Gold has a color unlike any other metal. Where silver and platinum reflect a cool, luminous tone, gold carries a deep yellow warmth that has set it apart for as long as it has been worn. The reason for that color is not chemical treatment, surface finishing, or alloying. It is something built into the metal itself, at the level of the atom.
Most metals look silvery for the same reason: their atoms reflect every wavelength of visible light evenly. Silver, platinum, aluminum, and steel all behave this way. When light hits them, what bounces back to the eye is the full visible spectrum, which we read as a cool, mirror-like tone.

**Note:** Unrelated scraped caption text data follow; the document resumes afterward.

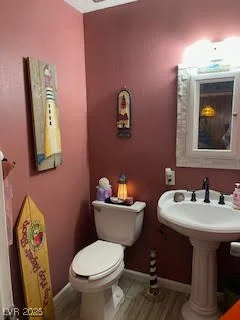4637 Balfour, Las Vegas, NV 89121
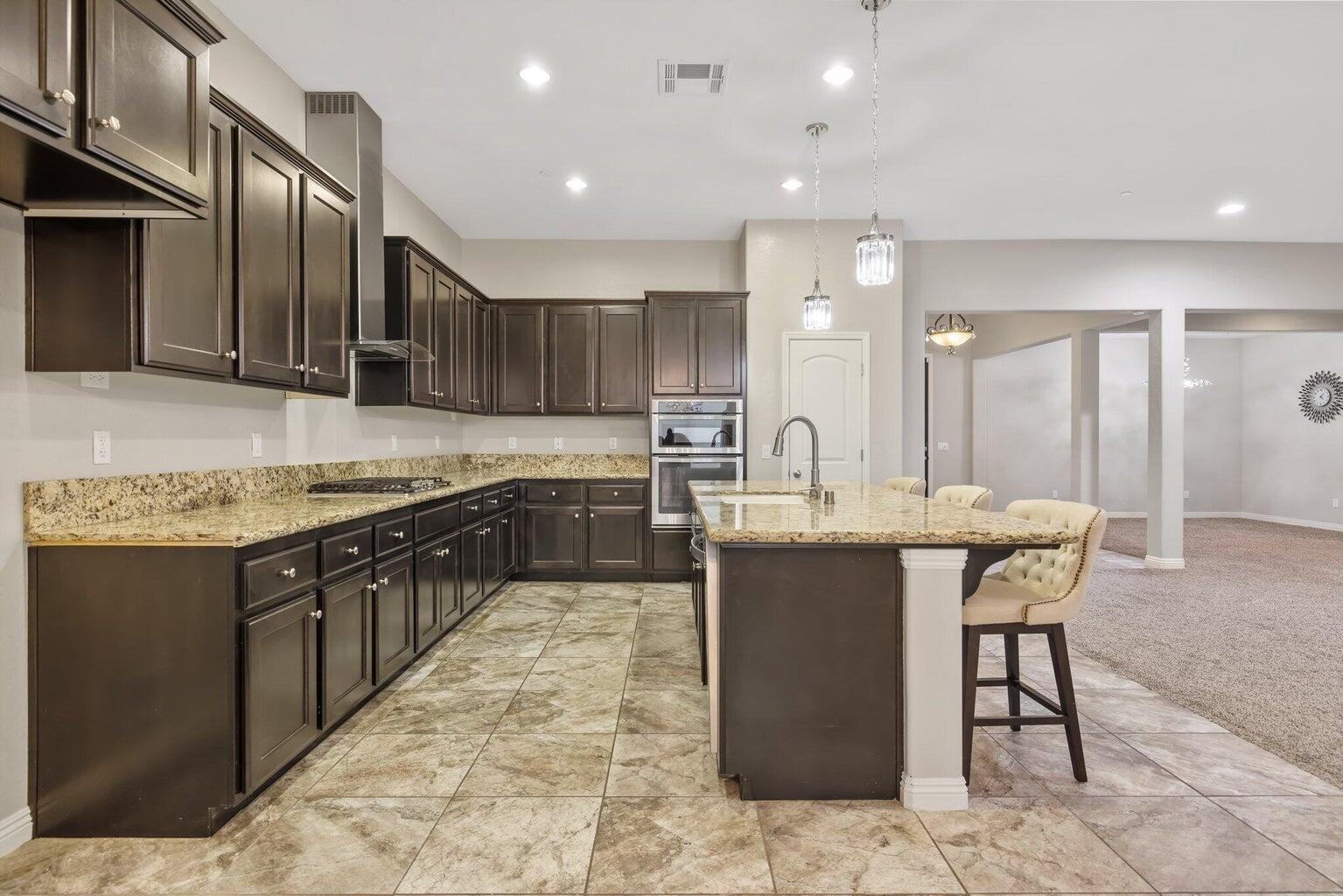 6545 W Wren Ave, Visalia, CA 93291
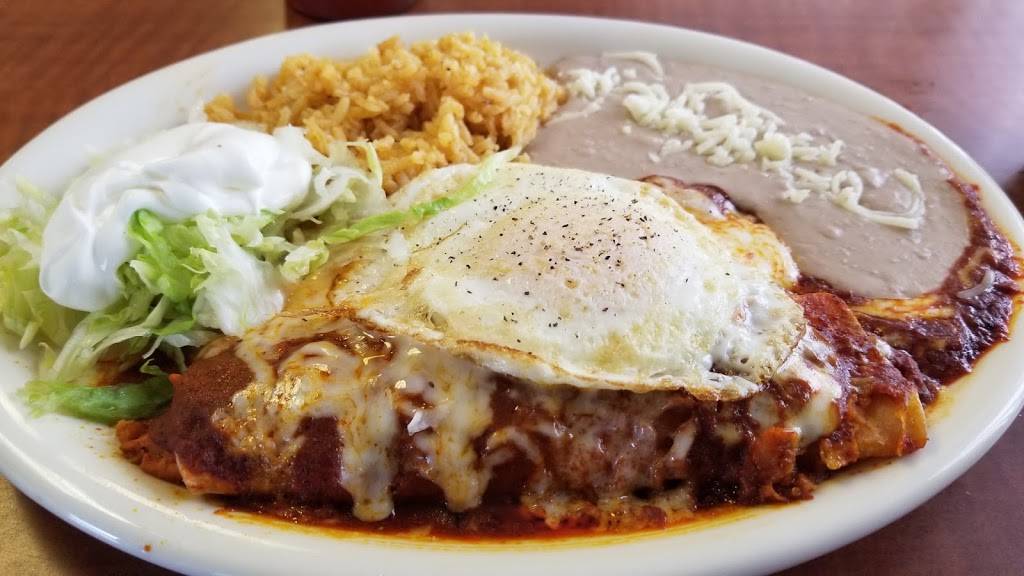 El Pueblito | restaurant | 1221 E Imperial Hwy, Placentia, CA 92870, USA | 7148547956 OR +1 714-854-7956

Gold does something different. When light hits a gold surface, the atoms absorb part of the blue end of the spectrum and reflect the rest. The light that returns to the eye is therefore missing its blue component, which leaves the warm yellow tones, red and green, dominant in what we see. That is the yellow of pure gold.
The color is not a coating, a treatment, or a result of mixing gold with other metals. It is what gold actually does with light at the atomic level.

The deeper question is why gold atoms behave differently from silver atoms, since the two metals sit next to each other on the periodic table and are structured similarly. The answer comes from the fact that gold atoms are much larger and heavier than silver atoms.
In a gold atom, the electrons orbit the nucleus at extraordinary speeds, fast enough that the laws of physics begin to behave in ways that only apply at speeds approaching the speed of light. At those speeds, the electrons effectively gain mass and pull closer to the nucleus, which changes the energy levels of the atom. The change is small in isolation, but it is the reason gold absorbs the wavelengths of light it does.
In silver, by contrast, the electrons move more slowly. Silver's energy levels are arranged so that the metal absorbs ultraviolet light, which the human eye cannot see. Everything visible bounces back evenly, and silver appears neutral.
In simpler terms, the warmth of gold comes from the fact that its atoms are large enough, and its electrons fast enough, to interact with visible light in a way no other common metal does.
The deep yellow of pure gold is at its most saturated when the metal is in its purest form. At 24 karats, gold contains approximately 99.9 percent gold and almost nothing else. The color is uninterrupted by any other material.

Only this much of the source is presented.